La culture peut être définie dans un premier temps comme l’ensemble des créations techniques, sociales et spirituelles par lesquelles les hommes transforment la nature et se distinguent des autres espèces vivantes (par exemple les œuvres d’art, le mariage, ou les rites religieux). En ce sens, ce qui est naturel s’oppose à ce qui est culturel. Notre premier réflexe est donc de penser le couple nature/culture comme une opposition : en entrant dans un monde de culture, on s’arracherait à la nature.

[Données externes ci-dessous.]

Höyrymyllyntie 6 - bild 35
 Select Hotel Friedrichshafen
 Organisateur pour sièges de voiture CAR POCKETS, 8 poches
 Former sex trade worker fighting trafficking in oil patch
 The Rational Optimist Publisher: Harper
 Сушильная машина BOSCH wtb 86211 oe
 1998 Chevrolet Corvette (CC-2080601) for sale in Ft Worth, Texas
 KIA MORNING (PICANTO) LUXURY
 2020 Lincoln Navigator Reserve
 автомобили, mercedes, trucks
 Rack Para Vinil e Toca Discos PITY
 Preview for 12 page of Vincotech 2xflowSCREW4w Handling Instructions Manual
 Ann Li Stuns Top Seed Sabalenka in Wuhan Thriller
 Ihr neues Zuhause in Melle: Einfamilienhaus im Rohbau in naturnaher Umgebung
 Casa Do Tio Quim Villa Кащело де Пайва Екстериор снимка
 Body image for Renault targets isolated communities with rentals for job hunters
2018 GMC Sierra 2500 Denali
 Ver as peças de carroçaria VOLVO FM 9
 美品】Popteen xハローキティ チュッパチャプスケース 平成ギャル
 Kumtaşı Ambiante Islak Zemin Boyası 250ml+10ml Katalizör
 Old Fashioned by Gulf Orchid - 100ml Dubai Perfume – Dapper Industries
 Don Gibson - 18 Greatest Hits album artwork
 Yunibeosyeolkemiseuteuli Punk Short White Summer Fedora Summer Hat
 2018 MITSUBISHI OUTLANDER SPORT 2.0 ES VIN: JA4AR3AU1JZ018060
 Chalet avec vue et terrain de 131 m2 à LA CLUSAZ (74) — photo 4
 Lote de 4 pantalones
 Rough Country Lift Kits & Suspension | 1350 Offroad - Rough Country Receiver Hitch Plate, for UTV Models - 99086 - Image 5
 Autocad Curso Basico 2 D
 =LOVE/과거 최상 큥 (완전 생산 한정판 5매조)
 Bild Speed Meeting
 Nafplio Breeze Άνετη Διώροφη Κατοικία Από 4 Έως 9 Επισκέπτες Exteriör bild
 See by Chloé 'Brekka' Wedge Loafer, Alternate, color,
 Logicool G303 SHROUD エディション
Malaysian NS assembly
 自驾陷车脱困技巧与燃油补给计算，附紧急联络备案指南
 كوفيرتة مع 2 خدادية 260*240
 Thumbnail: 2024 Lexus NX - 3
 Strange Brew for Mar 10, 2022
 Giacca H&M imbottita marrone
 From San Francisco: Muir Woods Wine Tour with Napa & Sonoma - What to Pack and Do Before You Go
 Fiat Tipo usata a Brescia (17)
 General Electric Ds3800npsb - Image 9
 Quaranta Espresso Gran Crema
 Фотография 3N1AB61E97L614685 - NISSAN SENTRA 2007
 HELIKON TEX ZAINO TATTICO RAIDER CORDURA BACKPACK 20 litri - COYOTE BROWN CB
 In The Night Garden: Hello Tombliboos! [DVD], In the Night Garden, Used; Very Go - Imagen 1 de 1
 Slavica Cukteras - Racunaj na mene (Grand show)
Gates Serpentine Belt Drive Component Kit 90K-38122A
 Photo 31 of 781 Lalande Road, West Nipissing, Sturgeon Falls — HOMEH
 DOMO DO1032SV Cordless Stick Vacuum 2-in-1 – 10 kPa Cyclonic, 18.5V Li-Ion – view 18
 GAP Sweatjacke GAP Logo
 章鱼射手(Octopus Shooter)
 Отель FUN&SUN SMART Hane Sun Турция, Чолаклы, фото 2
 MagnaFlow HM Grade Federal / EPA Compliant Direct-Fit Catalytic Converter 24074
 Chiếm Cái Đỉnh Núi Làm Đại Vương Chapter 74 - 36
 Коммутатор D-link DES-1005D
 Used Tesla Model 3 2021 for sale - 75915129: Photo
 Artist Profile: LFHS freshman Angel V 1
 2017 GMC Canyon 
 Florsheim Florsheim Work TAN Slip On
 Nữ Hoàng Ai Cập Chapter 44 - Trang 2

La nature serait définie, quant à elle, comme ce qui ne serait pas fabriqué, ce qui me serait donné de manière immédiate, au contraire de la culture, pensée comme artificielle. La nature est ainsi pour John Stuart Mill (1806-1873) « tout ce qui arrive sans l’intervention humaine » (La Nature).

Définitions

Dans un second temps, nous pouvons distinguer trois sens au mot culture :

le sens ontologique (qui définit l’être même de l’homme) : est culturel ce qui nous distingue des autres animaux (par exemple, la cuisson des aliments) ;

le sens « classique » : la culture est ici le processus d’instruction et d’éducation qui permet à l’homme de réaliser sa pleine condition d’être humain. L’être humain devient alors dépositaire d’un ensemble de connaissances héritées des générations passées qui font sa qualité d’être humain (par exemple, la connaissance d’un poème de Victor Hugo) ;

le sens anthropologique : la culture peut être aussi un synonyme de civilisation (on parlera ainsi de culture française, ou de culture occidentale).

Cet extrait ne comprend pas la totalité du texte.